Instructions to follow => Begin with the line in which "this 640×480 image." appears and end with the final line of the entries. Retype each one exactly and add nothing.

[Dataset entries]
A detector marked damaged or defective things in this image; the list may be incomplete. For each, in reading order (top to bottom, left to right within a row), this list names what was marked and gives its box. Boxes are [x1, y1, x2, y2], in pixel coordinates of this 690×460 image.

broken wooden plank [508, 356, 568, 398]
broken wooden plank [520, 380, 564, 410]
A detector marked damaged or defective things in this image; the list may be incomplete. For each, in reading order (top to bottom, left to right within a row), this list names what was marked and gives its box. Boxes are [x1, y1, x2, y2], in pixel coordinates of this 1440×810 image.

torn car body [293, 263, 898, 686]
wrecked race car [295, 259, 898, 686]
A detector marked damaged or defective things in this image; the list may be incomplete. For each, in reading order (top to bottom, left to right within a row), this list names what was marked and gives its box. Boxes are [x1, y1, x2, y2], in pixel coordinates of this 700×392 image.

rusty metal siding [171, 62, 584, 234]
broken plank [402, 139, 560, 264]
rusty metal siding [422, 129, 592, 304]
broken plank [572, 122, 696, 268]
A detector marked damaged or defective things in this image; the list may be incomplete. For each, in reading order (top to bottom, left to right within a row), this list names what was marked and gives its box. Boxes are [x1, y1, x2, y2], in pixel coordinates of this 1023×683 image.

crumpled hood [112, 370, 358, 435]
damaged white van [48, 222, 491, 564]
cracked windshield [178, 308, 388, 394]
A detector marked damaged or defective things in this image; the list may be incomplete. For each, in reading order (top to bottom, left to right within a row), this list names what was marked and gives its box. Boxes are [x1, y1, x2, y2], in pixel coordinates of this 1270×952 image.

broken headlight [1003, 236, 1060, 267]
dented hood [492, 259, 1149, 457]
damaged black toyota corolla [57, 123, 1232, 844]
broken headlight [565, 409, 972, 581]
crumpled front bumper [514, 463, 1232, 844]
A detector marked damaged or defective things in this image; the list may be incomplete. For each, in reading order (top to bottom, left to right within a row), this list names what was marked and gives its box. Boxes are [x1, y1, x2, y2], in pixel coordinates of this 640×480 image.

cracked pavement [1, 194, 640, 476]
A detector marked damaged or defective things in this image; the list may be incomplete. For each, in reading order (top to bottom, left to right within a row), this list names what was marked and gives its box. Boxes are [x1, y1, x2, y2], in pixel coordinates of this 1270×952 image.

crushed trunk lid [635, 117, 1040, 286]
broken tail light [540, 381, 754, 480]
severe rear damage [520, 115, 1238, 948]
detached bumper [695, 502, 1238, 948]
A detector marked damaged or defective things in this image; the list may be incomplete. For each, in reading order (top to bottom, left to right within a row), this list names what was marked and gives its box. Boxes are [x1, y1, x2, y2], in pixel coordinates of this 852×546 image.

Solution for this problem =>
A detector marked damaged or defective things in this image; the list may be incomplete. For each, in reading order (top to bottom, left to right within a row), this list names what was marked and gives its box. Boxes are [x1, y1, x2, y2], in pixel coordinates of this 640×480 image.

cracked pavement [1, 194, 640, 476]
A detector marked damaged or defective things in this image; the list may be incomplete. For each, in reading order (top to bottom, left to right within a row), this list names what was marked and gives its box. Boxes are [x1, y1, x2, y2], in pixel coordinates of this 1270×952 image.

crushed trunk lid [635, 117, 1040, 286]
broken tail light [540, 381, 754, 480]
severe rear damage [520, 115, 1238, 948]
detached bumper [695, 502, 1238, 948]
A detector marked damaged or defective things in this image; the list may be incomplete. For each, in reading order (top to bottom, left to right within a row), this list names what was marked and gives its box. Boxes are [x1, y1, x2, y2], in pixel coordinates of this 852×546 image.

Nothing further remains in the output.